- _RECORDS FOR THE TASK_
------------------------------

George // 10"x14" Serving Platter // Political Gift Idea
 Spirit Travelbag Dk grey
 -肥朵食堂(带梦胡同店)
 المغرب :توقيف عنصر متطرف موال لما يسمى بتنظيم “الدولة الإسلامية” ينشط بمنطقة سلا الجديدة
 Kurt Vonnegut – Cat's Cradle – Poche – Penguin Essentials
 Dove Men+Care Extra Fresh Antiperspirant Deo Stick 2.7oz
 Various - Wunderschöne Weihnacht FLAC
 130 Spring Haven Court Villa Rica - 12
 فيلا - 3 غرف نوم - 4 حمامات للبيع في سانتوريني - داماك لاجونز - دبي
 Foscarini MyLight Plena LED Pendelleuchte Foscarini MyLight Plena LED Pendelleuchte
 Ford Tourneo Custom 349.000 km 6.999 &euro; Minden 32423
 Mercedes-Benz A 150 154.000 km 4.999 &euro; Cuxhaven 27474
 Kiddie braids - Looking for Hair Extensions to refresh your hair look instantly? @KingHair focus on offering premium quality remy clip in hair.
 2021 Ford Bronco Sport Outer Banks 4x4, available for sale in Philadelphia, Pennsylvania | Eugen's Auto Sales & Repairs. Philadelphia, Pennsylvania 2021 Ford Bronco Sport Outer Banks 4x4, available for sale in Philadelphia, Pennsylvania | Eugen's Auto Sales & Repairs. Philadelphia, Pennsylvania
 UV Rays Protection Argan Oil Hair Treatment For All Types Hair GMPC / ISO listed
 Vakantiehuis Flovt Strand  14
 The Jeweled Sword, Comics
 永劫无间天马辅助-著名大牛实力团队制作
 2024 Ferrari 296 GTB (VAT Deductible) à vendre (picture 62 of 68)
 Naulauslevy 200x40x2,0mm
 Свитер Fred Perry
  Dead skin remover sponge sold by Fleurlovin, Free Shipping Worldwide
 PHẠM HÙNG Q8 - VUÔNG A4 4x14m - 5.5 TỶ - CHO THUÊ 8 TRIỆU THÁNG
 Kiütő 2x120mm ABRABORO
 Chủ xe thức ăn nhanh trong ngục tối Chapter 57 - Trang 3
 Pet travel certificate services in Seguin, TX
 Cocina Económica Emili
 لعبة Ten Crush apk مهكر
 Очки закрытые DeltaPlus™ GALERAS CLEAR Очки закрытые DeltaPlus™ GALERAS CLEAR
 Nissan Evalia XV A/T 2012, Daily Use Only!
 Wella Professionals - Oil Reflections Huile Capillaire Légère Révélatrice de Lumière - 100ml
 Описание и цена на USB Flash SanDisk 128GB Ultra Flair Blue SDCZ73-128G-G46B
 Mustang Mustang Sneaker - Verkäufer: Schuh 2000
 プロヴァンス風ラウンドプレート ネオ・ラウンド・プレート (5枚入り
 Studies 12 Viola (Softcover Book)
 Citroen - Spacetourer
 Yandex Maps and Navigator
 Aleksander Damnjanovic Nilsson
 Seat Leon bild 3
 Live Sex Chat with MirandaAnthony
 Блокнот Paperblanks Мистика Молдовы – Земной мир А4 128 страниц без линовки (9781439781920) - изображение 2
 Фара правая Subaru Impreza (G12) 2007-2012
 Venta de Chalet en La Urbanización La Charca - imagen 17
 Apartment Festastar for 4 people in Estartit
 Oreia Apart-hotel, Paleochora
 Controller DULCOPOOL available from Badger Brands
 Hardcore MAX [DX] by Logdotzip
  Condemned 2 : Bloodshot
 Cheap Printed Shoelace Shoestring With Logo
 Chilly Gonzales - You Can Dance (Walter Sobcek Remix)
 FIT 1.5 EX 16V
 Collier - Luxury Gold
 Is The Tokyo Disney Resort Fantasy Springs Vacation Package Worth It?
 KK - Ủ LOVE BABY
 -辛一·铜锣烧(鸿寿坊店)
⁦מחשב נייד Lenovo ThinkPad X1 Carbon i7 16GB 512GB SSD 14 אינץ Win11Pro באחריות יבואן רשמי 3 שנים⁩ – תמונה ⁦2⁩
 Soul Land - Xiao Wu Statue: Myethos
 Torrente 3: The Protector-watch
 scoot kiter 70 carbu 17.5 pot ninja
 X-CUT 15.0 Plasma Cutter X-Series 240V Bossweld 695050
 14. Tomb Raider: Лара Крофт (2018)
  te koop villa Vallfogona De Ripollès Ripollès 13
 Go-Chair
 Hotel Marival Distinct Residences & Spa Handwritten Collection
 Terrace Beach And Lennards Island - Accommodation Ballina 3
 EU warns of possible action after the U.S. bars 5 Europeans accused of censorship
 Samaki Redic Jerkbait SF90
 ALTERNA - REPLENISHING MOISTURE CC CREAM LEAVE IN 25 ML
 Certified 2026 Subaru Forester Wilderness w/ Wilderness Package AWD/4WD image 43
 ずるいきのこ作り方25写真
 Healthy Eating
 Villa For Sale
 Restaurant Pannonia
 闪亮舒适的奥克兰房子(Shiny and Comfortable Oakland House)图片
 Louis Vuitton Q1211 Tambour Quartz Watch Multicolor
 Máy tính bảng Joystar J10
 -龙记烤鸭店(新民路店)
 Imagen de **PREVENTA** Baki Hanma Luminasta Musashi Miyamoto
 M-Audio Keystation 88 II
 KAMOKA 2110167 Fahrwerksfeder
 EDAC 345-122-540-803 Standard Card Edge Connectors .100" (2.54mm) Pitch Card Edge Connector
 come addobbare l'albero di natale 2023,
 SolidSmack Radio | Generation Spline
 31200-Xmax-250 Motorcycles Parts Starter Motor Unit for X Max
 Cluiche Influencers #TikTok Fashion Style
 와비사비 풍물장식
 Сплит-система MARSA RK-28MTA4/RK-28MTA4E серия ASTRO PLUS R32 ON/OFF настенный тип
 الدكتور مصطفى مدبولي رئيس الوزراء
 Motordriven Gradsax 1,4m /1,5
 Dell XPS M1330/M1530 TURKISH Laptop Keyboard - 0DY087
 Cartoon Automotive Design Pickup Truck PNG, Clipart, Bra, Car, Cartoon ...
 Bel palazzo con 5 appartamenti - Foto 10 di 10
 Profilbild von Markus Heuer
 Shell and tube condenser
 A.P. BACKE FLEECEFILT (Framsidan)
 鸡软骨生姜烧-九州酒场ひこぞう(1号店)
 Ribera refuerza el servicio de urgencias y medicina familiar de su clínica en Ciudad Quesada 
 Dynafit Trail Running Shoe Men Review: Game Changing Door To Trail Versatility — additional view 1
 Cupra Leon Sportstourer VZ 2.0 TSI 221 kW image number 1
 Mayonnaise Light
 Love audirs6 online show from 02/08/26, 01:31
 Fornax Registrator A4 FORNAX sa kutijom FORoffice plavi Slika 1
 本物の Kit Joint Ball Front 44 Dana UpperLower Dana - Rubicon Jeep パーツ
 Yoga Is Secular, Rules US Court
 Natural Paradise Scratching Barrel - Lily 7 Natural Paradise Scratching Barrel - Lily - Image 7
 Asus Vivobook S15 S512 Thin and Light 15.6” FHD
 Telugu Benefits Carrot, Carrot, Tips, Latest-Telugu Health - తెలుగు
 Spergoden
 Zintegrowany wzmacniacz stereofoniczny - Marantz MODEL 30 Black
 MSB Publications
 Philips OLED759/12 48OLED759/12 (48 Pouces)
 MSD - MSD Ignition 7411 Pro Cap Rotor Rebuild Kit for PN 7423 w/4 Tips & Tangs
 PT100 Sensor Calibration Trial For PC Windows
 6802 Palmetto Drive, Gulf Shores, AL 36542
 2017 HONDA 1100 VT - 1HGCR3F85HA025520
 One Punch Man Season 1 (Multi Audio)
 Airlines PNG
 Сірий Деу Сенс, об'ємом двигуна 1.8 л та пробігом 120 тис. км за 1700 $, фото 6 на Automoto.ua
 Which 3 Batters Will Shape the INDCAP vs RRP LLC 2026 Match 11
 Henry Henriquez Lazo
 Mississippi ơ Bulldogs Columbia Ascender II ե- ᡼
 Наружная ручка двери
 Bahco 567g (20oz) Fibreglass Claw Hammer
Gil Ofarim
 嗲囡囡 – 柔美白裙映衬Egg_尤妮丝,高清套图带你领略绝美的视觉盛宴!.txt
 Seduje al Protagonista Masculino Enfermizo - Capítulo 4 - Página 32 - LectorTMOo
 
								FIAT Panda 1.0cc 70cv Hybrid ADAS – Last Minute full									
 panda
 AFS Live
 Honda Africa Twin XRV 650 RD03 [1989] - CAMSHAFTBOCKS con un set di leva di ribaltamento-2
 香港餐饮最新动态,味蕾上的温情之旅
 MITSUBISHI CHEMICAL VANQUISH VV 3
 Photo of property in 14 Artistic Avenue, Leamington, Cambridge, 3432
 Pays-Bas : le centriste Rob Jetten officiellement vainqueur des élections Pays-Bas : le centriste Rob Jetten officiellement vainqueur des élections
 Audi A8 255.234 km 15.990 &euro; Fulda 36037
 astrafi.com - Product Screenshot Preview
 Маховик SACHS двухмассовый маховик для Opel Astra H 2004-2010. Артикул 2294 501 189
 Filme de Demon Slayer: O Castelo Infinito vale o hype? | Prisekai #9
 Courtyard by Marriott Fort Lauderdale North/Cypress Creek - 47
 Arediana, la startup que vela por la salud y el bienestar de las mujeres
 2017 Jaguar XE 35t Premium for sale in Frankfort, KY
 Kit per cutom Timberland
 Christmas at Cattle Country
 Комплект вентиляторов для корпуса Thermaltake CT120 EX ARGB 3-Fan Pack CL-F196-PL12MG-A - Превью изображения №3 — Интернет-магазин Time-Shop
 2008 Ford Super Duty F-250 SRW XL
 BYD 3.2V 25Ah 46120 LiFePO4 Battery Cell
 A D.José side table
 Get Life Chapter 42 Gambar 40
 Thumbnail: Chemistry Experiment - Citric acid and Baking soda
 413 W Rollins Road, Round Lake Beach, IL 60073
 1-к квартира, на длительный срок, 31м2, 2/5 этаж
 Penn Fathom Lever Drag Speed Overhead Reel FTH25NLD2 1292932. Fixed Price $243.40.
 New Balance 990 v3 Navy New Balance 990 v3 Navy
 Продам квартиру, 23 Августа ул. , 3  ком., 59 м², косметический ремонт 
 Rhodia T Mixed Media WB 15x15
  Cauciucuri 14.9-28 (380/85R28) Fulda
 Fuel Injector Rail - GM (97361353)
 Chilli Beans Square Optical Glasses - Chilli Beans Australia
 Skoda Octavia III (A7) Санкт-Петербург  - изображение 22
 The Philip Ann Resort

------------------------------

- _TRY IT_
Every line above from the line with "The Jeweled Sword, Comics" to the line with "ALTERNA - REPLENISHING" is wanted, ends included; write them out exactly and add no other line.

- _RESULT_
 The Jeweled Sword, Comics
 永劫无间天马辅助-著名大牛实力团队制作
 2024 Ferrari 296 GTB (VAT Deductible) à vendre (picture 62 of 68)
 Naulauslevy 200x40x2,0mm
 Свитер Fred Perry
  Dead skin remover sponge sold by Fleurlovin, Free Shipping Worldwide
 PHẠM HÙNG Q8 - VUÔNG A4 4x14m - 5.5 TỶ - CHO THUÊ 8 TRIỆU THÁNG
 Kiütő 2x120mm ABRABORO
 Chủ xe thức ăn nhanh trong ngục tối Chapter 57 - Trang 3
 Pet travel certificate services in Seguin, TX
 Cocina Económica Emili
 لعبة Ten Crush apk مهكر
 Очки закрытые DeltaPlus™ GALERAS CLEAR Очки закрытые DeltaPlus™ GALERAS CLEAR
 Nissan Evalia XV A/T 2012, Daily Use Only!
 Wella Professionals - Oil Reflections Huile Capillaire Légère Révélatrice de Lumière - 100ml
 Описание и цена на USB Flash SanDisk 128GB Ultra Flair Blue SDCZ73-128G-G46B
 Mustang Mustang Sneaker - Verkäufer: Schuh 2000
 プロヴァンス風ラウンドプレート ネオ・ラウンド・プレート (5枚入り
 Studies 12 Viola (Softcover Book)
 Citroen - Spacetourer
 Yandex Maps and Navigator
 Aleksander Damnjanovic Nilsson
 Seat Leon bild 3
 Live Sex Chat with MirandaAnthony
 Блокнот Paperblanks Мистика Молдовы – Земной мир А4 128 страниц без линовки (9781439781920) - изображение 2
 Фара правая Subaru Impreza (G12) 2007-2012
 Venta de Chalet en La Urbanización La Charca - imagen 17
 Apartment Festastar for 4 people in Estartit
 Oreia Apart-hotel, Paleochora
 Controller DULCOPOOL available from Badger Brands
 Hardcore MAX [DX] by Logdotzip
  Condemned 2 : Bloodshot
 Cheap Printed Shoelace Shoestring With Logo
 Chilly Gonzales - You Can Dance (Walter Sobcek Remix)
 FIT 1.5 EX 16V
 Collier - Luxury Gold
 Is The Tokyo Disney Resort Fantasy Springs Vacation Package Worth It?
 KK - Ủ LOVE BABY
 -辛一·铜锣烧(鸿寿坊店)
⁦מחשב נייד Lenovo ThinkPad X1 Carbon i7 16GB 512GB SSD 14 אינץ Win11Pro באחריות יבואן רשמי 3 שנים⁩ – תמונה ⁦2⁩
 Soul Land - Xiao Wu Statue: Myethos
 Torrente 3: The Protector-watch
 scoot kiter 70 carbu 17.5 pot ninja
 X-CUT 15.0 Plasma Cutter X-Series 240V Bossweld 695050
 14. Tomb Raider: Лара Крофт (2018)
  te koop villa Vallfogona De Ripollès Ripollès 13
 Go-Chair
 Hotel Marival Distinct Residences & Spa Handwritten Collection
 Terrace Beach And Lennards Island - Accommodation Ballina 3
 EU warns of possible action after the U.S. bars 5 Europeans accused of censorship
 Samaki Redic Jerkbait SF90
 ALTERNA - REPLENISHING MOISTURE CC CREAM LEAVE IN 25 ML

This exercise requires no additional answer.